Some supporters of the newly elected president of South Africa’s ruling African National Congress (ANC) party are calling for his reinstatement as deputy state president. President Thabo Mbeki sacked Jacob Zuma three years ago over graft allegations. But the supporters reportedly sent a letter to the party chairman of the Limpopo Province demanding Zuma’s reinstatement because of what they say is the overwhelming support he received at the last ANC Congress in Polokwane, at which he was elected party president. Aubrey Matshiqi is a South African political analyst. From Johannesburg he tells reporter Peter Clottey that the demands by Zuma’s supporters are unrealistic.
“I think these are overly enthusiastic calls by those who achieved a victory in the defeat of Thabo Mbeki at the ANC Congress in December. And they want to add to his victory or the humiliation of Thabo Mbeki with demands that Jacob Zuma be reinstated to his former position as deputy head of state. Now, I do not think Jacob Zuma himself wants to return to government as deputy president. I think he can smell the first prize, that of president of South Africa and that is the prize I think he will be pursuing,” Matshiqi said.

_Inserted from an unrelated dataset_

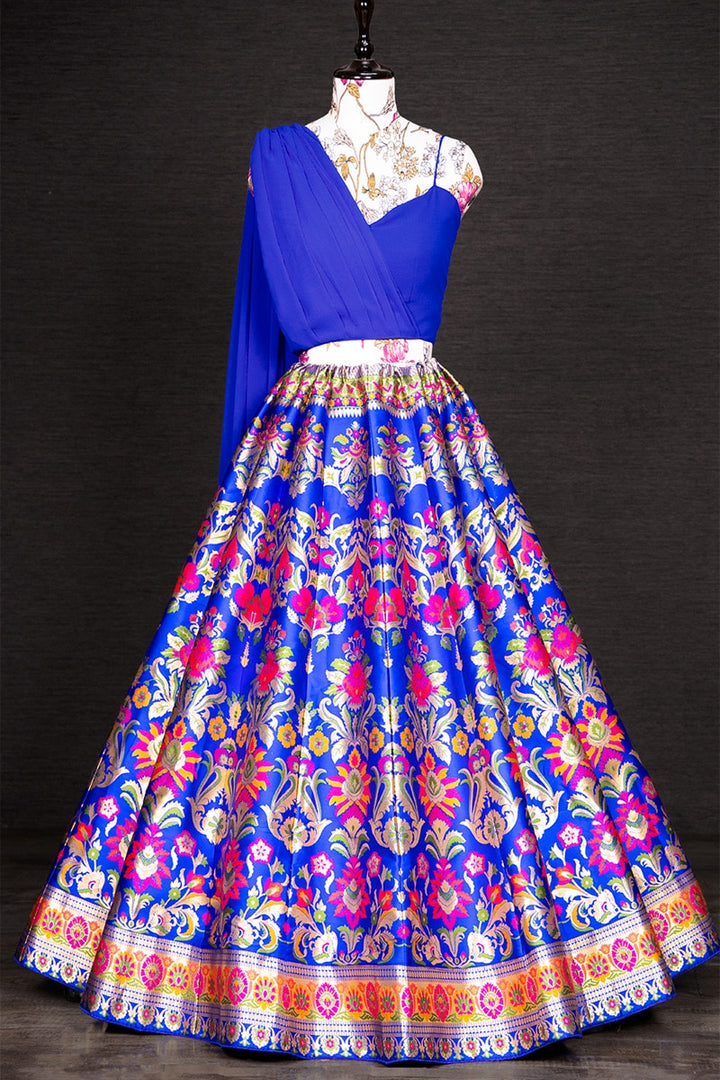 Royal Blue Amazing Banarasi Silk Full Stitched Lehenga Choli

He said although it was too soon to ascertain what most South Africans think about the call for Zuma’s reinstatement, those who are making the call are not political heavyweights in the ANC.
“It is too early to tell what ordinary people’s response will be, but you must bear in mind that the province that has called for the reinstatement of Jacob Zuma to the deputy presidency is not one of the political heavyweights provinces of the ANC. And therefore, they are unlikely to make waves either in the ANC itself or outside the ANC among ordinary South Africans. I don’t see this becoming a major talking point,” he noted.
Matshiqi said the demands for Zuma’s reinstatement would not have any significant impact in the country’s body politic.
“Well it’s not a credible demand, and I do not think it is going to win the support even of those who support Jacob Zuma. So I think it’s not going to happen,” Matshiqi said.
He said although there were speculations about a member of Jacob Zuma’s camp joining the cabinet, it might not come to fruition.
“In the first place there has been such a view inside the so-called Zuma camp for months prior to the ANC conference in December, but it is a view that is not going to find favor obviously with Thabo Mbeki the head of state. He has made it very clear that he is not going to reshuffle his cabinet. I doubt that Kgalema Motlanthe (new ANC deputy president) himself, the man who is supposed to be appointed by Thabo Mbeki as his deputy at the behest of the Zuma camp will want to enter government in that way because it’s not clear what role he will play,” he pointed out.
Matshiqi said there could be cracks that might open in the rank and file of Zuma supporters who significantly boosted him in his election as the president of the ANC.
“I think what is beginning to happen is that some who supported Zuma prior to the ANC congress in December have developed a fixation. And this fixation revolves around the fact that many forces are desperate as they are gathered around Zuma against Mbeki. And what may happen going forward is the situation where Mbeki ceases to be the glue that binds these desperate forces together. And what that it would do is to open the door for tensions and divisions inside the Zuma coalition,” Matshiqi said.